Knowing that studies have suggested the perceived quality of a product and its price may have a positive correlation, researchers from CalTech and Stanford decided to specifically explore this phenomenon with wine. To do so, they recruited 20 participants to taste different priced wines. That might not have been entirely as fun as it sounds--since they also wanted to know what sort of neural mechanisms were involved in the process, the researchers did a functional MRI while the subjects consumed the wine. This meant the participants had to lie still throughout process and and use computerized pumps to sample the wine.

Although the participants were told they were tasting five different types of Cabernet Sauvignon, they were actually only trying three different types. The researchers administered the samples, giving the subjects a $5 bottle of wine and telling them the actual price, then giving it again but saying it was $45. They did the same with a $90 bottle of wine, telling its real price and then saying it was from a $10 bottle. Then, a third bottle that was $35 was given, using its actual price.   

The experiment indicated that price was very influential in the participants’ preferences and wines that were believed to be more expensive were perceived to taste better. Their research also demonstrated that a specific part of the brain is involved in the processing this information. More blood and oxygen was sent to the medial orbitofrontal cortex, an area in the brain associated with encoding pleasantness, when the price of the wine was increased.

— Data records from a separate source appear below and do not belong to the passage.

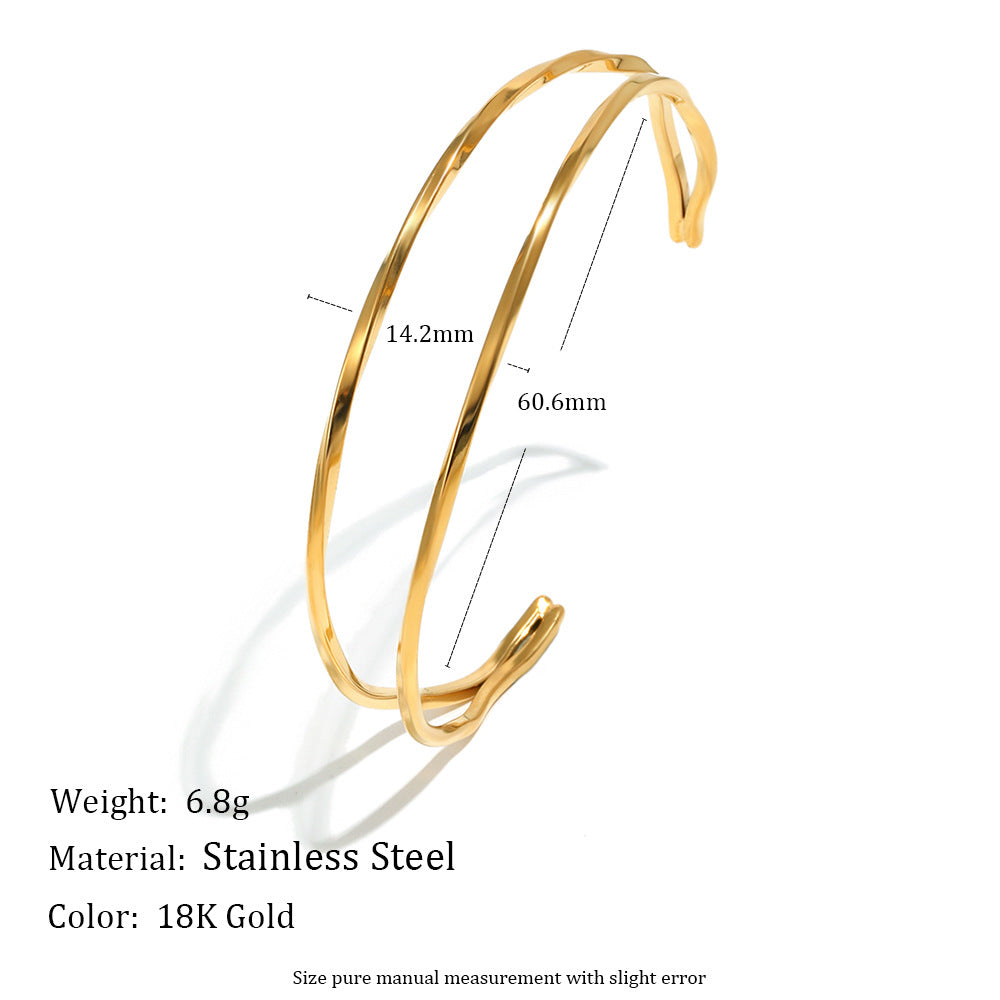 Minimalist Luxury 18K Gold Plated Geometric Twisted Line Stainless Steel Bracelet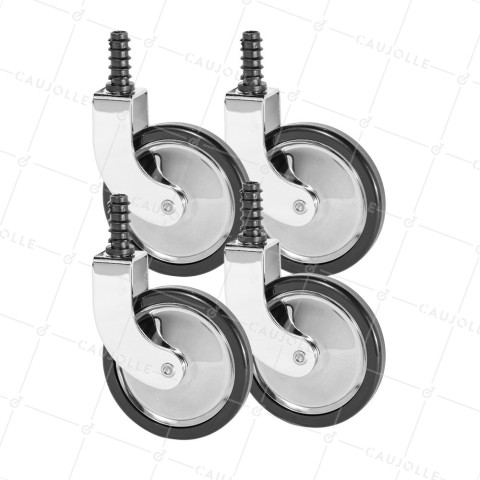LOTE DE 4 Rotantes RETRO PARA MESA DE BAR 75 MM - ROULBAR 75 • Caujolle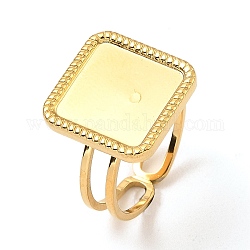 304 Stainless Steel Open Cuff Ring Findings, Bezel Cup Ring Settings, Square, Real 18K Gold Plated, US Size 6 1/2(16.9mm), Tray: 15x15mm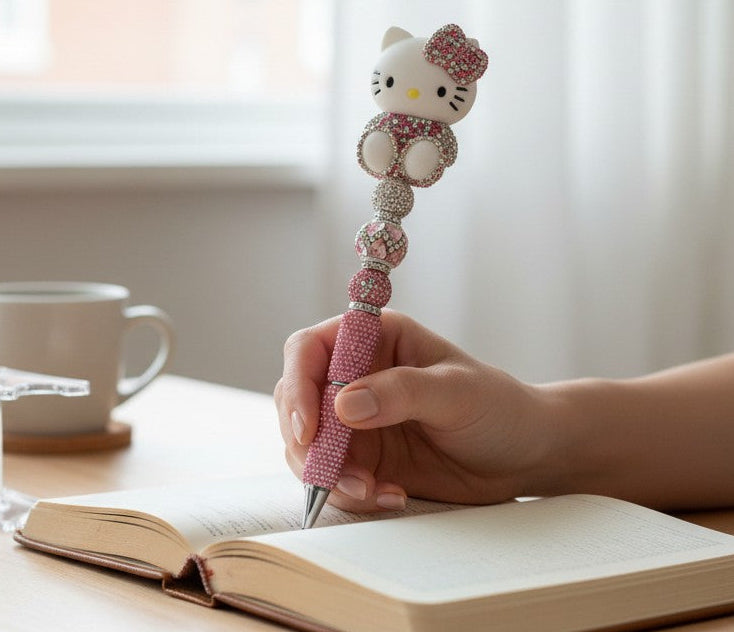 Glam Kitty Beaded Pens – Handmade Rhinestone Character Pens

Expectations about a wine extend beyond price; according to a study published in the journal Appetite, critics’ ratings may also influence how people experience wine. To find out whether reviews could sway opinions on a wine, researchers recruited 136 people to sample a wine reviewed by wine critic Robert Parker. Parker’s olfactory senses are acclaimed; his nose is said to be insured for $1 million (or, approximately 1/7 of the amount of coverage Tom Jones’ chest hair is alleged to receive). A positive review from Parker can send a wine flying off the shelves. He gave the wine the participants sampled (a 2006 Clos de Los Siete Mendoza) very high marks, 92 out of a possible 100 points. 

Participants were randomly assigned to five groups--one that was told of Parker’s positive rating prior to tasting, one that was told it received an average rating of 72 beforehand, a control group that was given no information, and two groups that received the scores after tasting but before rating.

The participants then ranked the wine on a scale of 1-10 and also indicated the price they would pay for a bottle. The study found that information about a wine’s rating can influence people’s sensory experience--when information regarding rating was given prior to tasting, participants who were told the wine had 72 points rated the it more negatively than those who were told it had a score of 92. There was not a significant difference in the group that received the information after sampling the wine.  Knowledge of ratings before tasting also influenced the price they were willing to pay; the people who were told of the wine’s high rank prior to tasting were willing to pay the most for it.  

There are limitations and critiques of these findings but they highlight how drinking wine can mean being under the influence of more than just what’s inside the bottle.